[Spambayes] expiration ideas.
Anthony Baxter
anthony@interlink.com.au
Mon Oct 21 05:22:47 2002
>>> "Alexander G. M. Smith" wrote
> Anthony Baxter wrote:
> > Keep the "interim" wordinfo around (gzipped, datestamped) until your
> > expiration time is up - then undo the earlier merge, subtracting
> > the spamcount/hamcounts.
> Sounds reasonable. But I'd rather keep around the whole messages so
> that I can change tokenizing schemes. Or perhaps use one of those
> future inter-word relation schemes.
That's fine, but once this stuff is deployed, how many end-users are
going to want to tweak their tokeniser? I'd suggest approximately
three eighth's of one fifth of bugger-all :)

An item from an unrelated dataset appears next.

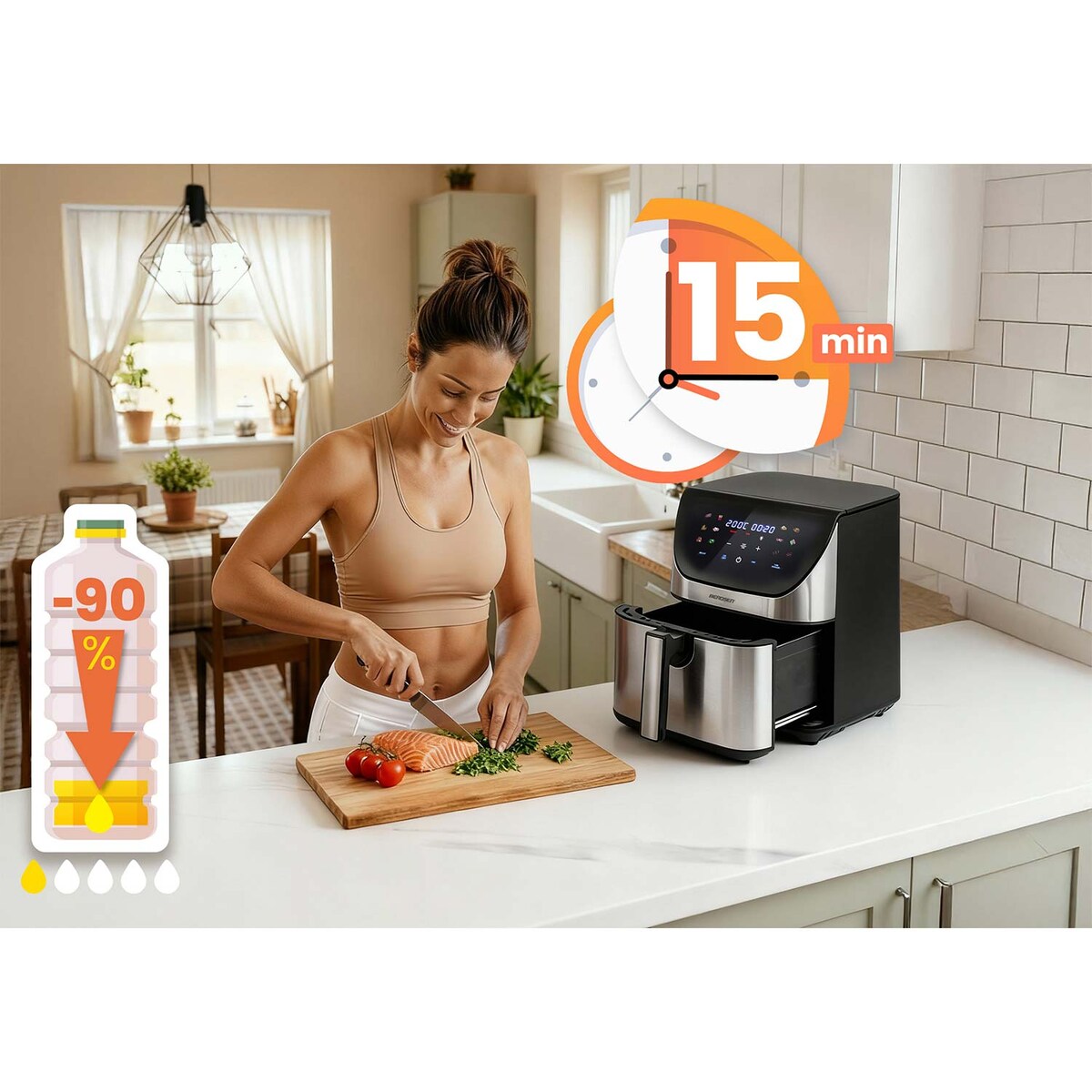 Frytkownica beztłuszczowa air fryer frytownica 8l Berdsen BD-659 1700W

> The total space is several times (ten times) more than a word list
> (5.9MB raw, 2.4MB zipped archive, 1.5MB gzip tar file, 1.2MB
> bzip2ed tar file vs 660KB raw, 270KB zipped word list), but it is
> still almost trivial on today's computers and huge disk drives to
> store the complete messages. So, you have to ask yourself if a
> 10X space (and tokenizing time) savings is worth it.

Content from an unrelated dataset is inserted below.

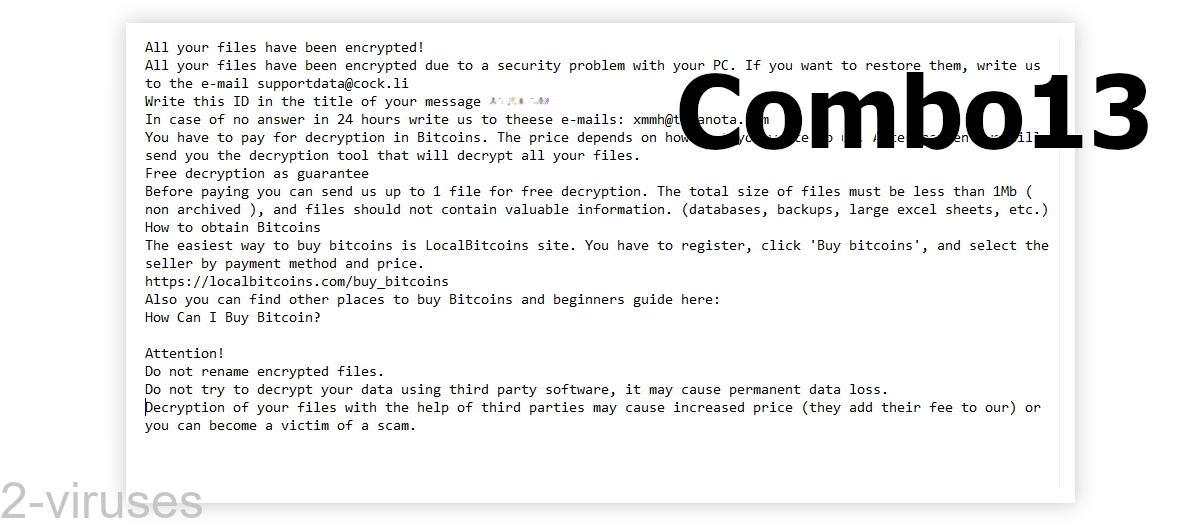 Combo13's ransom note is pretty standard.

For one user, fine - but in a setting where you've got multiple
users, say, using an IMAP server? You'd want the stuff to happen
on the server, before the end users have to run a program to
download the mail, check it, and send commands to the IMAP server
to move the spam out of the way...
I also get enough email that I really don't want to be lugging
around all of my old email for a couple of months...
Anthony
--
Anthony Baxter <anthony@interlink.com.au>
It's never too late to have a happy childhood.